So they drank to Russia, long and deeply; and Anatole, who had a pretty tenor voice, intoned the Russian Hymn, which the others listened to on their feet. And then to keep up the musical glow, and the golden moment of unconsciousness, he burst into the Marseillaise, knowing well that few can resist that most thrilling and spirited of national songs.
When he had finished the last verse, and the last chorus was sung, his companions sat silently gazing into their empty glasses. They had finished six bottles of Burgundy between them, and were now passably drunk, though not incapable of presenting themselves before the ladies to say good-bye. The Doctor went first, and waited for Anatole outside the salon door.
‘Remember, boy, it is “Good-night”—not “Good-bye,”’ he said sadly, as he pressed his friend’s shoulder.
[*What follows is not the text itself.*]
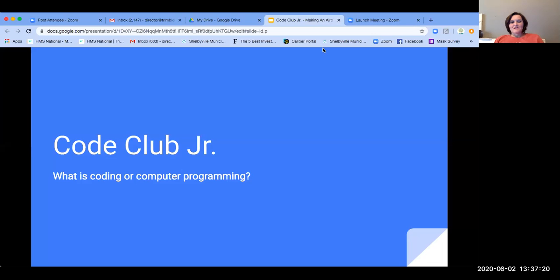Hey guys, my name is Dina and I'm really excited to be able to do another Code Club Junior with you today. We're going to review coding and computer programming today.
Mademoiselle and her companion sat before a low wood fire, chatting quietly. They heard the songs from the dining-room, and smiled and shook their heads. Mademoiselle remarked that the young men were discourteous enough to carry the habits of the Latin Quarter into private houses, but since her brother-in-law tolerated such behaviour, it was not for her to object, since they were his guests.
When the door opened, both ladies looked blankly round at the invasion. The Doctor stood a moment on the threshold and arched his brows in smiling signification. The foreigner felt she would give a good deal to get behind that smile, and understand that queer lifting of the eyebrow. That the man wore his smile as a mask, she had no doubt, and she was not without suspicion that behind it lay concealed a different personage from the actor on view. He advanced, and came and stood in front of his sister-in-law, looking down on her with a new gravity on his reckless handsome face. The flush under his eyes gave a brilliance to his wistful gaze that justified the fascinated flutter of the poor lady’s heart. For she had never seen him look in the least like that, though she had seen his eyes melt to another.
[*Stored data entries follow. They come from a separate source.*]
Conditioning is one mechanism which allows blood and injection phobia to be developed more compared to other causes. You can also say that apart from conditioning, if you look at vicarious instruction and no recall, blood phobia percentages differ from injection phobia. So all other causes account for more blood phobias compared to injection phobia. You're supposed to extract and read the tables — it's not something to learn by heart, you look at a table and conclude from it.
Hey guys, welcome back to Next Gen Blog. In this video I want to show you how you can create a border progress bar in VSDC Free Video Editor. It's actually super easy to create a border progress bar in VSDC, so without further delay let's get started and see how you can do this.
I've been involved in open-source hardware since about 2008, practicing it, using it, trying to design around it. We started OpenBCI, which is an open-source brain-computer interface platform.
‘Henriette, good-night,’ he said softly.
She gave him her hand, with a glance of sharp inquiry.
‘Is it good-bye, François?’
‘Good-bye? Why good-bye? It’s a lugubrious word. Au revoir, ma sœur.’
His lips touched her fingers an instant, and already he had turned to shake hands with her companion. Gaston and Julien came behind him, and bent their bodies in two in a dignified salute, but Anatole held out his hand, and clung feverishly to hers when she took it, while his eyes held hers in dismayed conjecture. Was it despair she read in them, or terror, or simply the pain of young love? But his speech was lagging and broken, not that, she decided, of a sober man, and she withdrew her hand abruptly, with a curt movement of dismissal of her head.